時又初午はだか祭り開く

文化・芸能

[ 2010年 3月 16日 火曜日 8時07分 ]

 天竜川に春の訪れを告げる信州飯田時又初午はだか祭りは14日、同市時又の長石寺から天竜舟下り時又港一帯にかけて繰り広げられた。ことしは第4代天龍橋の開通と重なり、完成祝いを兼ねた特別儀式も実施。天候にも恵まれ、大勢の見物客が見守る中、みこしを担いだ若衆が「オンスイ!、オンスイ!」ときおった。

 同初午はだか祭りは、長石寺の初午まつりと小笠原長清の戦勝御礼参りに由来するといわれる。一時中断されていたが昭和35(1960)年に現在の「初午はだか祭り」として復活。ことし50周年を迎えた。

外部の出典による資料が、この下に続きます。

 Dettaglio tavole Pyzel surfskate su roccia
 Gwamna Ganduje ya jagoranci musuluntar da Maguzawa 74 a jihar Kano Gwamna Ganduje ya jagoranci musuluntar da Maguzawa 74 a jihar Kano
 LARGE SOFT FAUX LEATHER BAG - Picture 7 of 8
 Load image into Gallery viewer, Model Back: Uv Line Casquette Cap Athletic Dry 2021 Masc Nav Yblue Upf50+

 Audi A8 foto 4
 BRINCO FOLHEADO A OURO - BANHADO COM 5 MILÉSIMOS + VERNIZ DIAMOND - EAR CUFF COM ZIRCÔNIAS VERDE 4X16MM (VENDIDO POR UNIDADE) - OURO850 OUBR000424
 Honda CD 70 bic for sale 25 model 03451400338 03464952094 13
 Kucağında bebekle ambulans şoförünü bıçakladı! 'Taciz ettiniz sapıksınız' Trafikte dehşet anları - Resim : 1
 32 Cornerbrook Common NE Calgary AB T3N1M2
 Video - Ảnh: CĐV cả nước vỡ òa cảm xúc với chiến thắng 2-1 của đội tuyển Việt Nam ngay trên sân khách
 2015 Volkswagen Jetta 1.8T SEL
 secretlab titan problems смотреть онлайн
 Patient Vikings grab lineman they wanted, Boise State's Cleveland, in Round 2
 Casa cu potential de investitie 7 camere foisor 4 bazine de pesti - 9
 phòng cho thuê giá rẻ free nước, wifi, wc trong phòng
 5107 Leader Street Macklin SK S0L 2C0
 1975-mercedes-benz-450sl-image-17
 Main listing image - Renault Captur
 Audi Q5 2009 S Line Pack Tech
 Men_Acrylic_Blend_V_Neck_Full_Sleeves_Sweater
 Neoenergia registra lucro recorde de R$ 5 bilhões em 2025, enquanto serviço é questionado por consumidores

 長石寺を出発し、新旧天龍橋のたもとにみこしの行列が集まると、長石寺の岩堀周一住職が「叶水の儀」で水を清め、旧天龍橋に供えられた松に掛ける「長老松の儀」を行った。

 続いて、ことし限りのはだか祭り流の新天龍橋渡り初め儀式。鈴岡太鼓の演奏の響く中、伊原聰保存会長らが幣束や幟旗で先導し御水で橋を清めると、みこしの行列が橋上できおった。

 一行が時又港へ到着すると、天竜川の水を頭から浴びて体を清め、御水の樽に水をくむと名物の天竜川でのみそぎへ。この日は天竜川の水量が多く、足を踏み入れると肩まで漬かり、ロープを投げて助けを求める場面も。浅瀬の位置を確認すると、次々と天竜川にみこしが飛び込み、勇壮なきおいで見物客を魅了した。

 「記念の年に好天に恵まれなにより。ことしは特別行事も加わり新鮮な心持ちで臨めた」と伊原保存会長。大将を務めた島岡伸一実行委員長は「天龍橋の架け替えは一生に一度のこと。貴重な経験をさせていただいた」と話していた。